見えないけれど確かにある
「見えないけれど確かにあるもの、なーんだ」
大学の図書館にて、僕と友人は卒論制作の準備に来ていた。
自習室を借りて、参考になりそうな書籍を片っ端から集めてきては、流し読みして頭を抱える。
卒論のテーマがなかなか決まらないのだ。卒論制作に取り掛かる前に、教授に内容を打診する必要があるのだが、僕はその段階で躓いてしまっている。
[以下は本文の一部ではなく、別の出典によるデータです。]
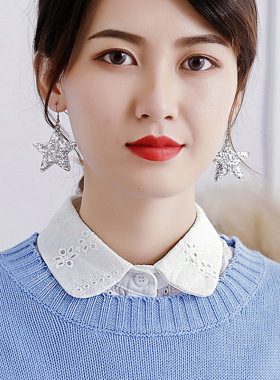 假领子配羊毛衫提花高端女百搭装饰领子假领假立领纯棉领简约木耳
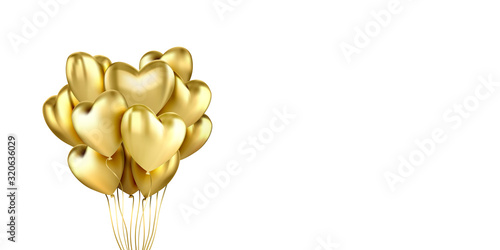 A bunch of heart shaped helium balloons realistic on a horizontal banner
書く以前の問題に、じりじりと神経が削られていくのがわかる。
そんな中で思わずつぶやいたセリフだった。
「なに、卒論のテーマ?」
友人はきょとんとしている。
「そうそうそう、先は見えないけど確かにある――――って違ぁう!」
思わずノリツッコミをしたが、友人はボケのつもりで言っていないので、驚くを通り越して引いてしまった。
「違うんだよ⋯⋯」
「あ、確かにあるかもわからない?」
「そう言われたら見つけられない気がしてきた」
僕は頭を抱えた。
友人は読みかけの分厚い専門書を閉じて、僕に真っ直ぐ向き直った。
「大丈夫だよ。テーマは決まる。教授からオッケーも出る。卒論はできる」
「はぁ、ありがとう」
返事に気が入らない。僕は知っているのだ、要領のいい友人は既に執筆を始めていて、今は資料集めに励んでいることを。つまり、僕より十歩も二十歩も進んだ状態だ。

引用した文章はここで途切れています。